Du coup, iels n’ont pas les mêmes difficultés à se loger que le reste de la population a, et se foutent que les loyers en général soient super élevés. C’est aussi pour ça qu’iels ont pas de raison de faire des lois pour réguler le marché de l’immobilier ou encadrer les loyers par exemple (alors que c’est un gouffre à fric pour les locataires, et notamment les plus précaires…).
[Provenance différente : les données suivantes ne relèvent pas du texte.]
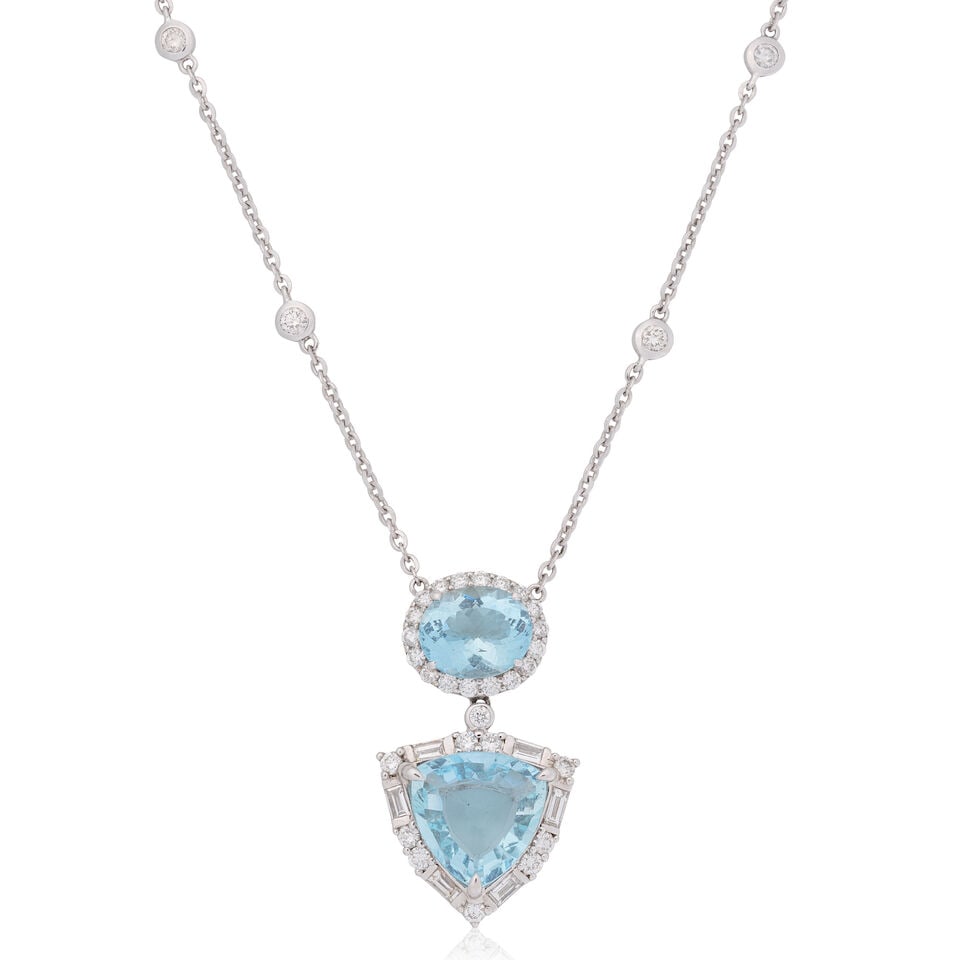 AQUAMARINE AND DIAMOND PENDANT: AQUAMARINE AND DIAMOND PENDANT Oval and triangular-cut aquamarine Brilliant and baguette-cut diamonds approx. 1.30cts total Length 44.5cm, pendant length 3.5cm Weight approx. 12.0g Footnotes: OVERALL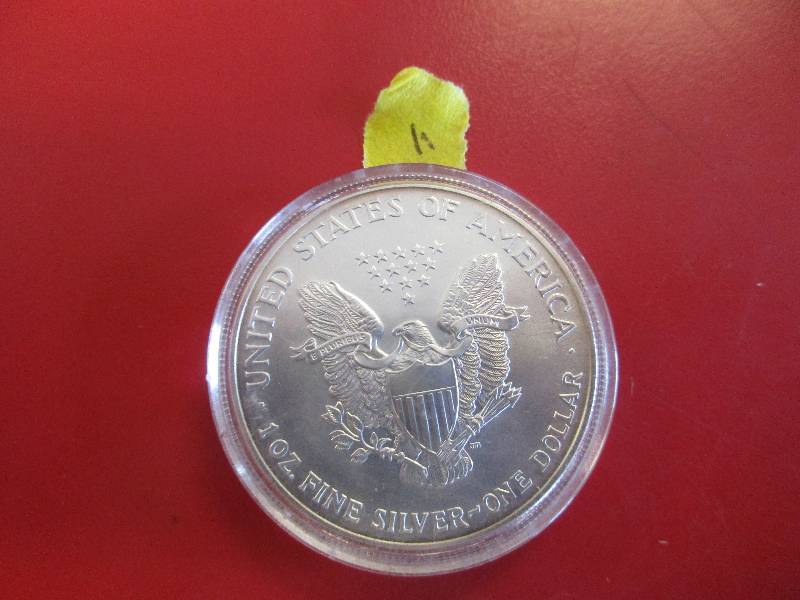 11. 2002 American Silver Eagle 1oz bullion coin in a protective capsule.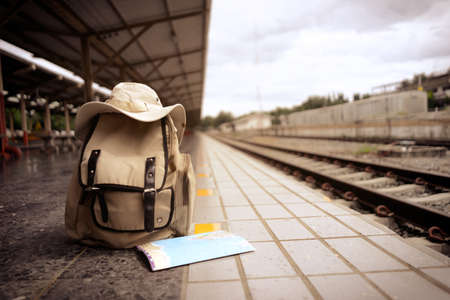 Travel backpack, hat, Traveler map near railway at the train station. Vintage Travel concept. background railroad.の写真素材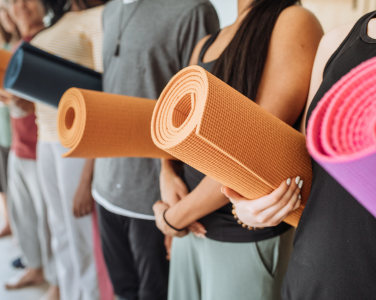 People holding rolled-up yoga mats.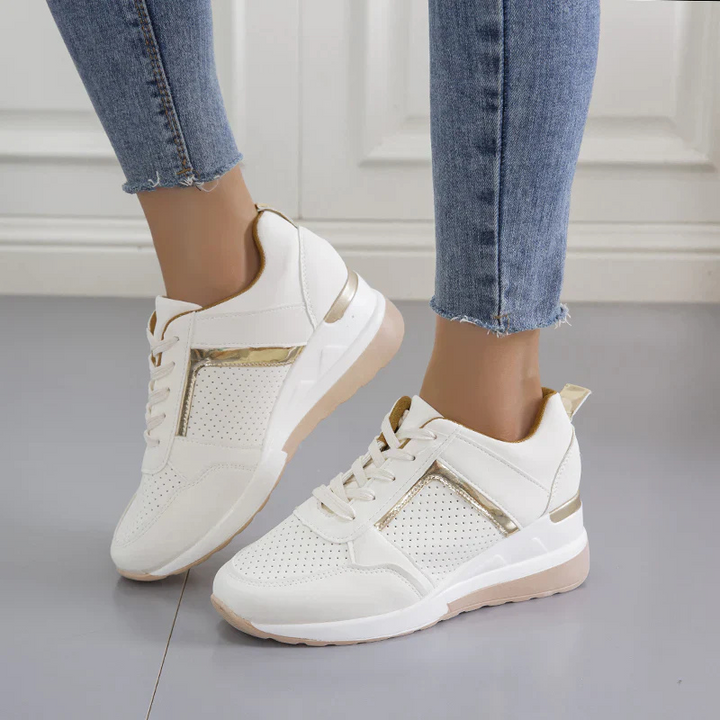 White Women’s Orthopedic Comfort Heel Sneakers on the model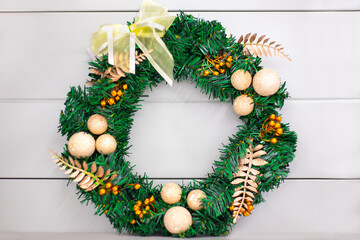 Christmas tree wreath decorated with balls, twigs and a bow. Festive New Year's decor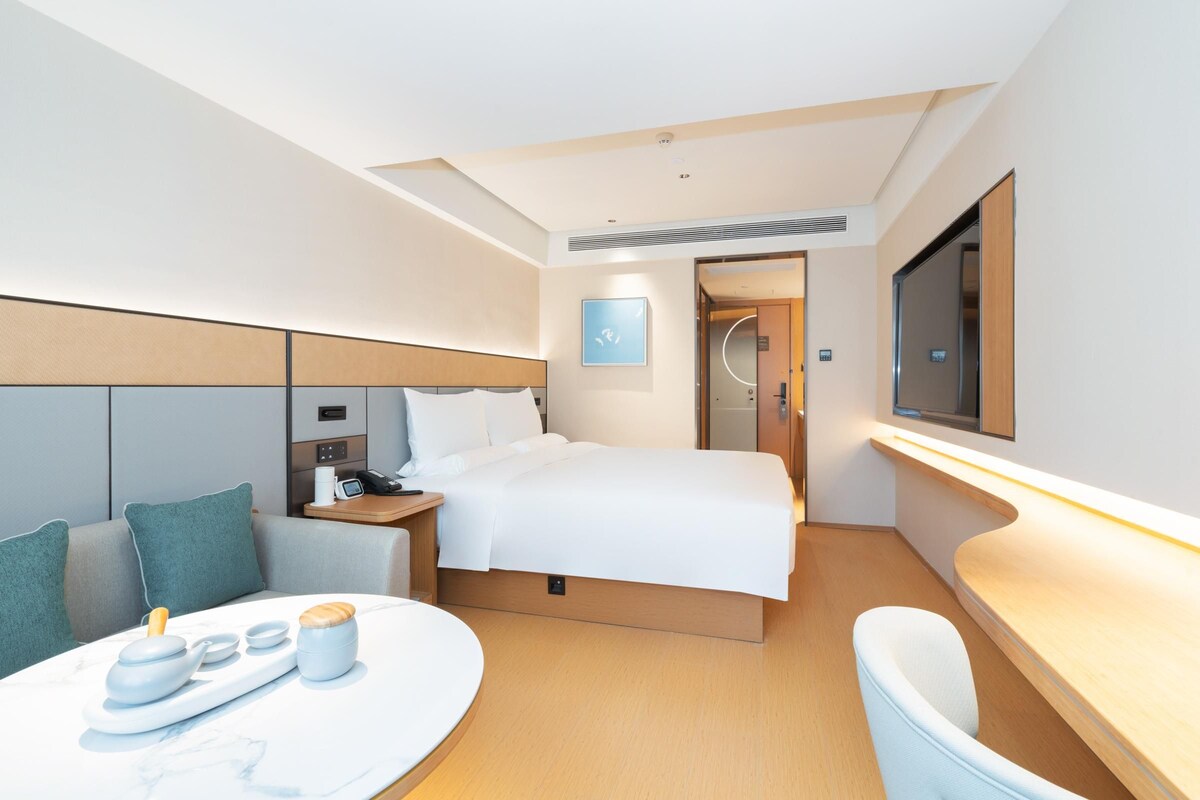 A modern hotel room with a bed, a desk, a seating area, and a television.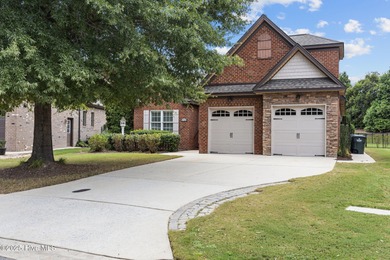 Welcome to this beautiful 4-bed, 3-bath red brick home in the on Ironwood Golf and Country Club in North Carolina - for sale on GolfHomes.com, golf home, golf lot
D’une manière plus générale, les statuts des élu·e·s, et les passes-droits qu’iels ont grâce à leurs positions d’élu·e·s, font qu’iels n’ont absolument pas besoin des droits et des protections dont la majorité de la population a besoin, et à cause de ça, l'intérêt des élu·e·s sera toujours différent de celui du reste du peuple. Notez que c’est pas seulement une question de connaître ça, et d’avoir expérimenté ça dans sa vie : même si des ancien·ne·s ouvrièr·e·s (par exemple) se retrouveraient député·e·s, eh bien ces personnes verraient leurs intérêts changer, du fait de leur nouveau statut d’élu·e·s, et donc n’auraient plus des intérêts d’ouvrier·ères à partir du moment où iels deviennent député·e·s. Donc c’est le statut d’élu·e en soi, et la position d’élu·e en elle-même, qui font que ces élu·e·s ont des intérêts différents.

Et évidemment, à tout ça s’ajoute de toute façon leur niveau de vie déjà très confortable du fait de leurs revenus élevés qu’on a déjà vus.